Característica común de las mujeres que recibían la “februatio” era el color morado de sus espaldas por los azotes recibidos, signo visible del aumento de su fertilidad. Y es que en aquel entonces el color morado representaba a las prostitutas de la época, en particular las que ejercían la prostitución sagrada con los lupercos en el Ara Máxima, también llamadas lupas, lobas o “perras” (origen del uso peyorativo de ésta palabra). Los ecos de estas prácticas han llegado a nuestros días ya que se considera al morado el color del feminismo.

El final de fiestas consistía en un gran banquete con danzas, música y un punto álgido, el juego que más gustaba a los romanos, especialmente a los jóvenes: el baile sagrado de Juno Februata, la diosa Febris (de “fiebre” del amor, las mujeres y el matrimonio). Para ello, en un caldero los asistentes masculinos depositaban los nombres de las chicas que más les gustaban y posteriormente escogían una al azar que se convertía en su pareja sexual durante el resto del año. Esta costumbre fue observada durante siglos en el Imperio Romano.

Ya en el año 392 el emperador Teodosio prohibió todo acto de culto, declarando al paganismo fuera de la ley. Pero fue el Papa Gelasio I quien prohibió y condenó explícitamente en el año 494 la celebración pagana de las Lupercales. Le preocupaba sobre todo la participación en ellas de cristianos dada su alta carga sexual, por lo que optó por un camino conocido: el encubrimiento de las costumbres pervertidas y la observancia de los dioses paganos e ídolos para “cristianizarlos”. Así como el 25 de diciembre, día de la celebración del Sol Invictus, se transformó en el día del nacimiento de Jesucristo, las Lupercales y los bailes de la diosa Febris fueron sustituidos por la festividad de San Valentín, un cristiano que murió martirizado el 14 de febrero del año 270. El juego era el mismo pero vaciándose de todo contenido sexual: en lugar de poner los nombres de las muchachas en un caldero, lo que ponían eran los nombres de santos escogidos por muchachos y muchachas. Era entonces la responsabilidad de cada persona imitar o escribir sobre la vida del santo cuyo nombre él o ella habían escogido.
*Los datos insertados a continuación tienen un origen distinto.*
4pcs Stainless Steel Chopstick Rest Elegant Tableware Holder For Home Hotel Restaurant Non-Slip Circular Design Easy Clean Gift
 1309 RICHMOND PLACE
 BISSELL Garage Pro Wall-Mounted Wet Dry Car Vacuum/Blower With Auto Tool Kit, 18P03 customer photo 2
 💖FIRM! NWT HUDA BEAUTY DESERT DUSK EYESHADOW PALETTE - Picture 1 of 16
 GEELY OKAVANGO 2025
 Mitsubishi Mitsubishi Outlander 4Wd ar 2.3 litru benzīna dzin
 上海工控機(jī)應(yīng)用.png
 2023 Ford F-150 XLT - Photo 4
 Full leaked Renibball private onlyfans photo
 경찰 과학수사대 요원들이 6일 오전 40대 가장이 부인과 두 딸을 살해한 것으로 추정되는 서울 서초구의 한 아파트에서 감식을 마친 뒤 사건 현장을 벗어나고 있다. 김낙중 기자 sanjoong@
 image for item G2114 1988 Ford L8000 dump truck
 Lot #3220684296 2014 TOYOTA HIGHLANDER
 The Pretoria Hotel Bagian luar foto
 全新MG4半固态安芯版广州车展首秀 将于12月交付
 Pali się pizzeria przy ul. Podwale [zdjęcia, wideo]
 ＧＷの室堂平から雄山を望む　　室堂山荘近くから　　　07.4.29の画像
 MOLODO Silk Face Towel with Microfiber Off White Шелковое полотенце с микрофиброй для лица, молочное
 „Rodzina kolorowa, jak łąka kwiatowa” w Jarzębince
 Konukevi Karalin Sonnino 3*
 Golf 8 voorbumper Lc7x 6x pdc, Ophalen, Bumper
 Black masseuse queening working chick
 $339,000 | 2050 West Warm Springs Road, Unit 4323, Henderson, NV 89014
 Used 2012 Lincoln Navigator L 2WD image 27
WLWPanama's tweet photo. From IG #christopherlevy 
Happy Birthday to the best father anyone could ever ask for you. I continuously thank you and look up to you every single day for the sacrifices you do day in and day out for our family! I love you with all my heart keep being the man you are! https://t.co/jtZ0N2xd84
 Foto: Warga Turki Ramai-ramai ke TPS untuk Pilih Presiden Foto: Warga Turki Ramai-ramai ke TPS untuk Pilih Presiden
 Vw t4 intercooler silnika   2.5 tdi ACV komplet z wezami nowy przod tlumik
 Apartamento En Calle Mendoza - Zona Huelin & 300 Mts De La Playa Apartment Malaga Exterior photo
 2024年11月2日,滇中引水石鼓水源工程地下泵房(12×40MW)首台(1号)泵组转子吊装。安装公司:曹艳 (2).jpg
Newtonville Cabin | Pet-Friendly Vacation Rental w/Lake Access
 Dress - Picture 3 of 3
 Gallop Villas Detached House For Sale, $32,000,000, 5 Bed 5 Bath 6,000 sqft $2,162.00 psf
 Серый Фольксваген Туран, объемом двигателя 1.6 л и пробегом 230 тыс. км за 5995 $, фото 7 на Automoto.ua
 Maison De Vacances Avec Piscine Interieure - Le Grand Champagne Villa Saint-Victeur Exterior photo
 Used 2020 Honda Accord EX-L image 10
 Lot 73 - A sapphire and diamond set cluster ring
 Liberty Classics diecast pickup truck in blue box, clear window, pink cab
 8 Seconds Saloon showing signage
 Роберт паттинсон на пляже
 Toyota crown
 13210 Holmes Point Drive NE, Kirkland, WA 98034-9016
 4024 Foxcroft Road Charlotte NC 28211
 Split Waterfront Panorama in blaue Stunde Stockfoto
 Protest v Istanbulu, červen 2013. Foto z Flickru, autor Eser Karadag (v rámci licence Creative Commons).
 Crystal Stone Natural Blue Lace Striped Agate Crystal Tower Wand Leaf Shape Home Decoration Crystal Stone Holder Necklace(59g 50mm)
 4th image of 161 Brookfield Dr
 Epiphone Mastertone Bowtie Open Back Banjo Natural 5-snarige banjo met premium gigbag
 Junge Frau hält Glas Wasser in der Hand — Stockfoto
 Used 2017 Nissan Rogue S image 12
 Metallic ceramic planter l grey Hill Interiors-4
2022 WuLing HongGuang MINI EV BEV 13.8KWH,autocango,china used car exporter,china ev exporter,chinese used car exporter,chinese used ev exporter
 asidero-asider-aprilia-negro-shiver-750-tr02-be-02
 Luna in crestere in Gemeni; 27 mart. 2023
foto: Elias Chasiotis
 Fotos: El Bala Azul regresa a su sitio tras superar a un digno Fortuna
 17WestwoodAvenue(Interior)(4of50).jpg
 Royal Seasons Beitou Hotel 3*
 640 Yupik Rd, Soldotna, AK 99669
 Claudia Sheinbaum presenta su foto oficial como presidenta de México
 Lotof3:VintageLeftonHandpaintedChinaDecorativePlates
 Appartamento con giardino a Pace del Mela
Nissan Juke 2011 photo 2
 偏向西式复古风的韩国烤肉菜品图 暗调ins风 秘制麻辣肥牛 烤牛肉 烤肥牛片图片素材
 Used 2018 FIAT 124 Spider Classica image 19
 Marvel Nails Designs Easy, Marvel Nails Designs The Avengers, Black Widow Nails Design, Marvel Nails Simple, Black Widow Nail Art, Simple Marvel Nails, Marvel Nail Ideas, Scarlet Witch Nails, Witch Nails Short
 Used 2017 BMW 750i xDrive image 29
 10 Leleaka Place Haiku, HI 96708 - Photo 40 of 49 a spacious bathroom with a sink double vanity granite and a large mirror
Cuando salía el nombre de San Valentín se convertía en la excusa perfecta para que jóvenes enamorados se escribieran mensajes románticos a lo largo del año.

Se conocen hasta tres cristianos martirizados en el siglo III con el nombre de Valentín, al que Gelasio se refería probablemente fuera Valentín de Terni, un sacerdote que ejerció en Roma en tiempos del emperador Claudio II. Durante su reinado Roma se afanaba en defender sus fronteras frente a alamanes, godos y galos. La necesidad de tropas eficaces empujó a Claudio II a prohibir la celebración de matrimonios entre jóvenes ya que consideraba que los solteros sin familia eran mejores soldados. A Valentín le parecía injusta esa prohibición y celebraba en secreto matrimonios entre jóvenes enamorados, motivo por el cual fue martirizado y ejecutado. El Papa Gelasio supo sincretizar a la perfección el baile de la diosa Febris de las Lupercales junto con la historia de Valentín de Terni, protector de los enamorados, consiguiendo sumergir en el océano del olvido su auténtico origen, las Fiestas Lupercales Romanas.